I have a dataframe containing following 3 columns: 1. ID 2. timestamp 3. IP_Address
The data spans from 2019-07-01 to 2019-09-20. I am trying to aggregate counts of IP_address over the last 60 days partitioned by ID for all the rows between the 20day period of 2019-09-01 to 2019-09-20.
I have tried using the following window function and it works just fine:
days = lambda i: i*86400
w = Window.partitionBy('id')\
.orderBy(unix_timestamp(col('timestamp')))\
.rangeBetween(start=-days(60), end=Window.currentRow)
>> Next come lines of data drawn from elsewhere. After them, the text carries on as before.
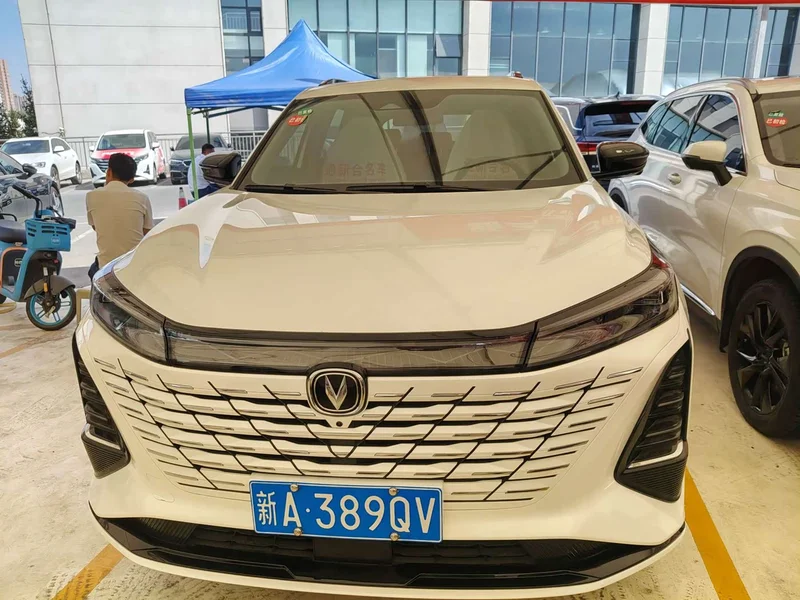 Changan CS75PLUS — фото 2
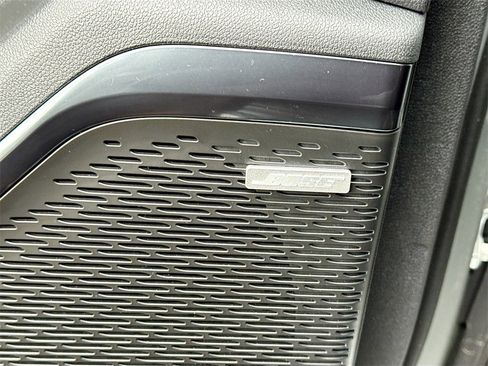 Used 2024 GMC Acadia AT4 w/ Luxury Package image 18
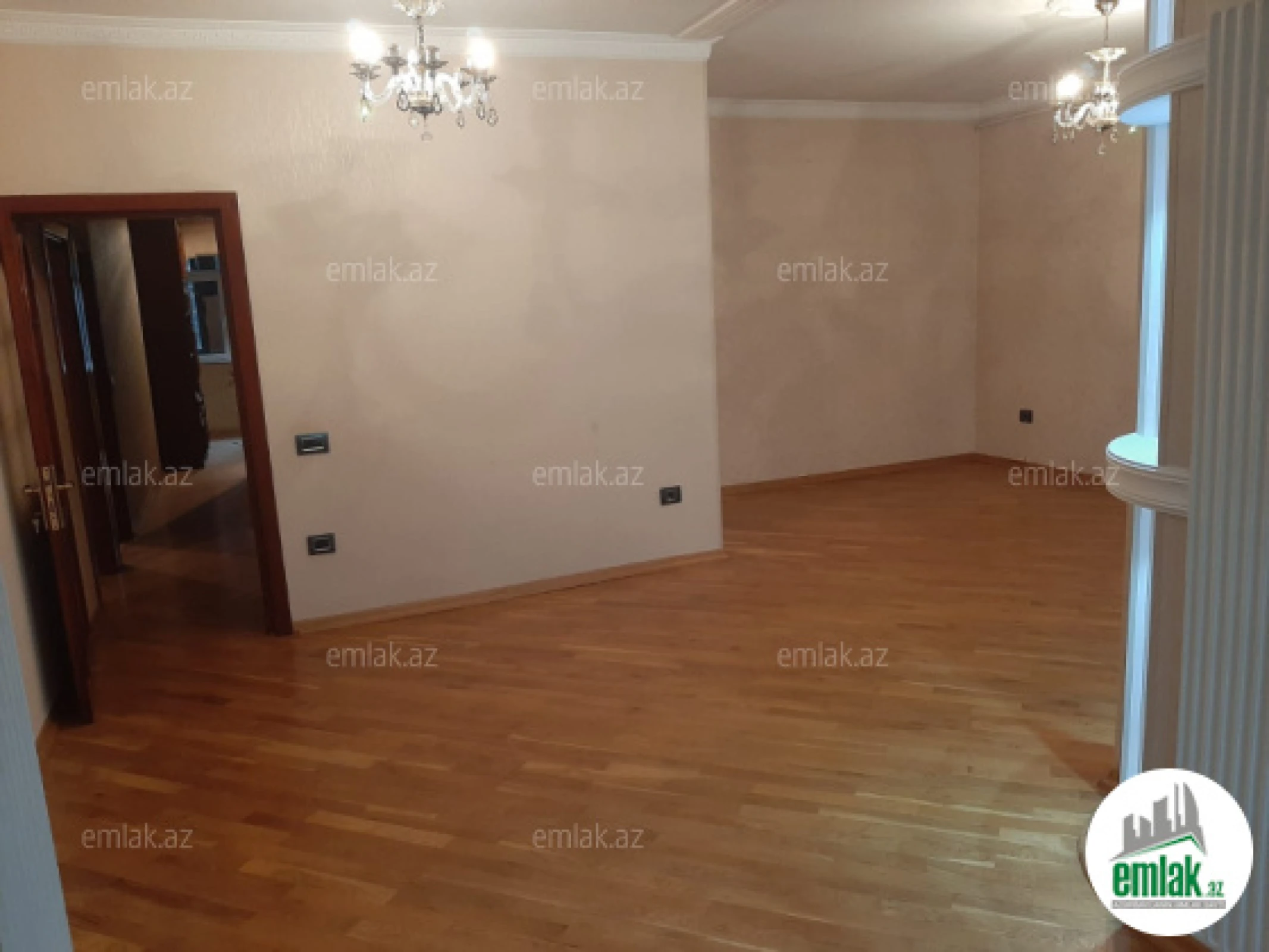 Satılır 4 otaqlı köhnə tikili 100 m²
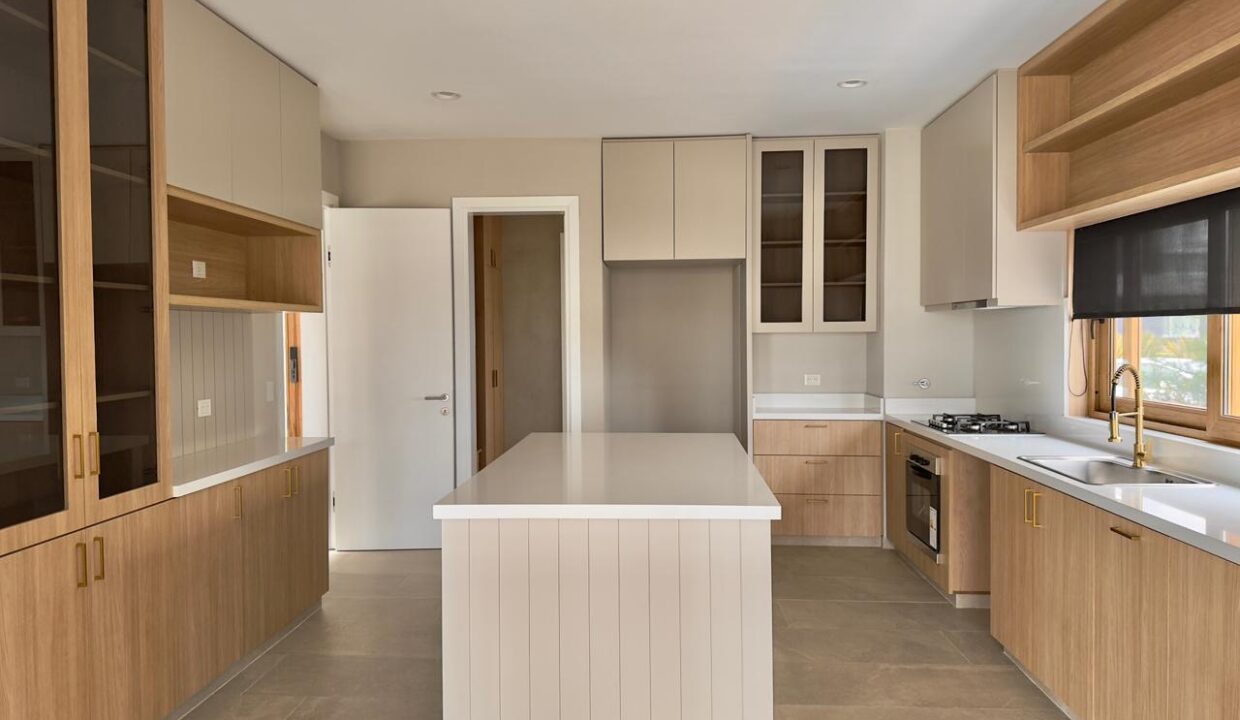 7b38ffcb-619c-4131-a2a0-4c04b931c597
df = df.withColumn("ip_counts", count(df.ip_address).over(w))
However, the problem with that is that it calculates these aggregations even for the period I don't need the computation for: 2019-07-01 to 2019-08-31. I could easily filter out the results for the selected period retrospectively after calculations but I don't want unnecessary computations as I am dealing with ~3-10 Million rows per day.
If I filter the dataframe like this:
dates = ('2019-09-01', '2019-09-20')
date_from, date_to = [F.to_date(F.lit(s)).cast("timestamp") for s in dates]
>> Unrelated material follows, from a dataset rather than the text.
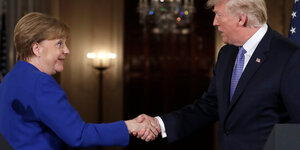 Angela Merkel und Donald Trump schütteln sich die Hände
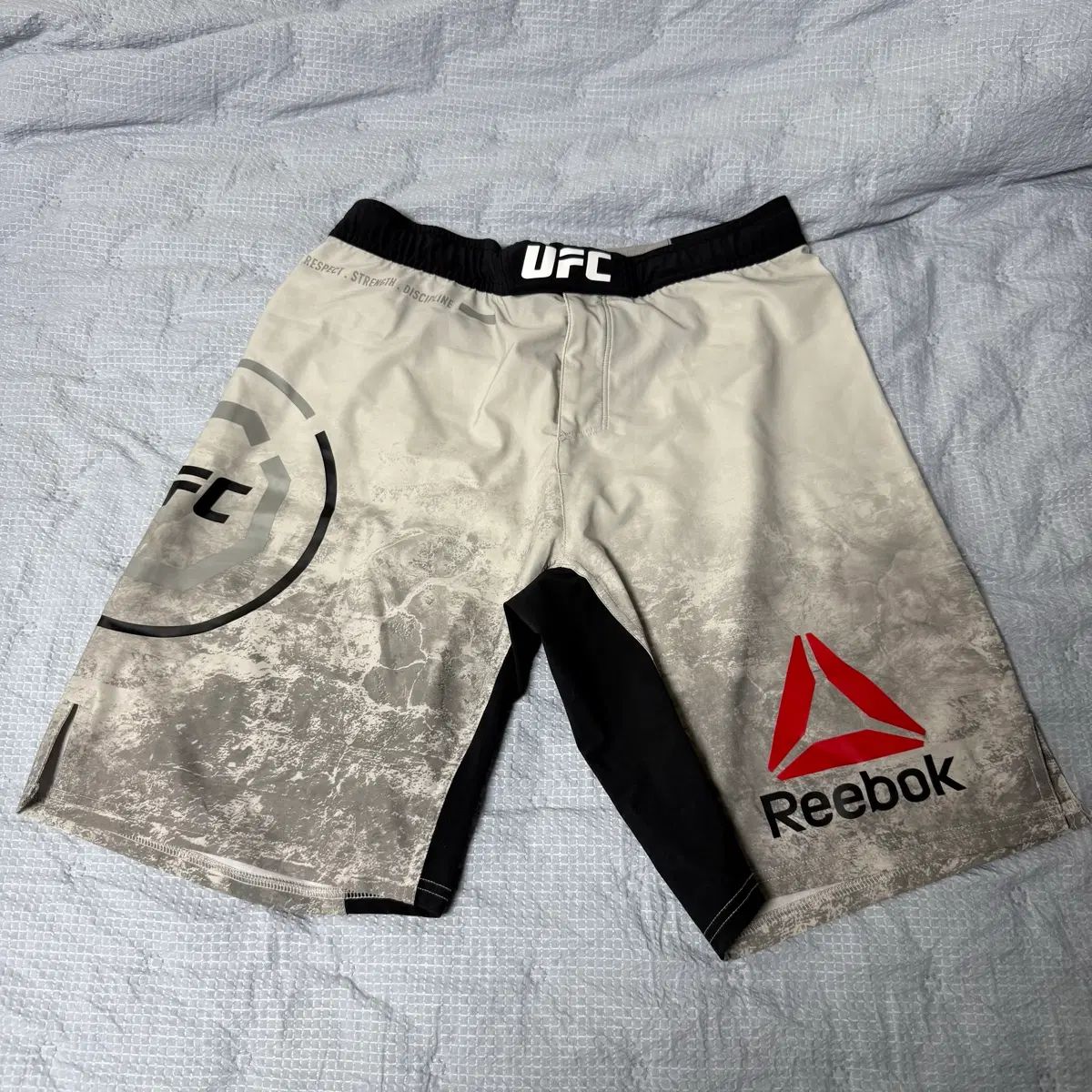 リーボック UFC ファイトショーツ 30サイズ 11,239円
w = Window.partitionBy('id')\
.orderBy(unix_timestamp(col('timestamp')))\
.rangeBetween(start=-days(60), end=Window.currentRow)
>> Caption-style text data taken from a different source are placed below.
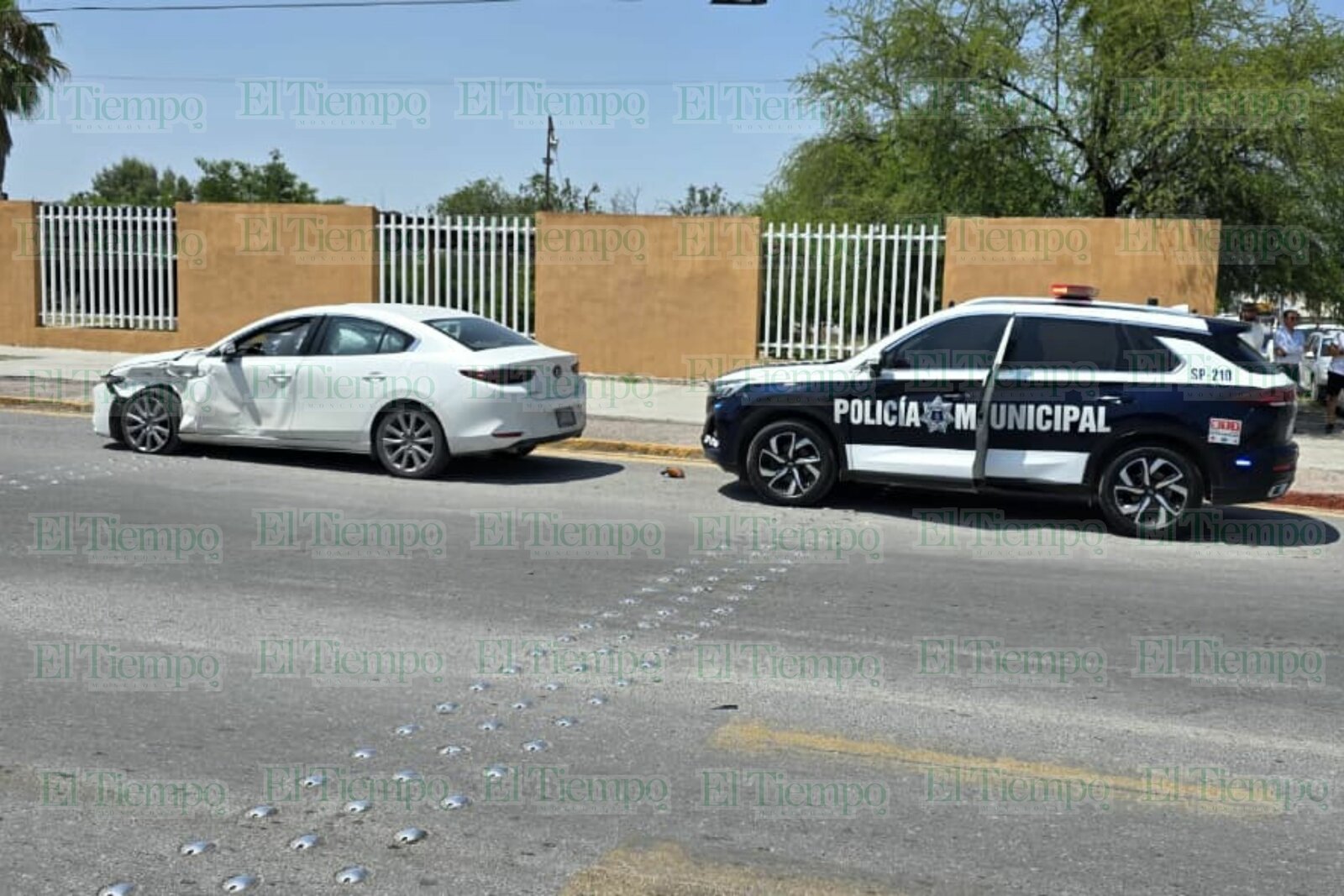 Saltillense ignora luz roja de semáforo y provoca aparatoso choque en transitado crucero de Monclova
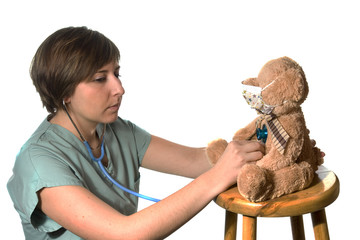 médecin qui soigne un ourson en peluche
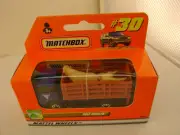 1999 MATCHBOX SUPERFAST #30 BEEF HAULER STAKE TRUCK NEW IN BOX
df = df.where((df.timestamp >= date_from) & (df.timestamp <= date_to))\
.withColumn("ip_counts", count(df.ip_address).over(w))
in that case, the IDs between these days are unable to access the data for those IDs from preceding 60 days and therefore, the counts are incorrect.
What can I do to compute aggregations only for the rows falling between 2019-09-01 to 2019-09-20 while at the same time making sure that windows have access to preceding 60 days of data for each of those aggregation. Thank you so much for your help.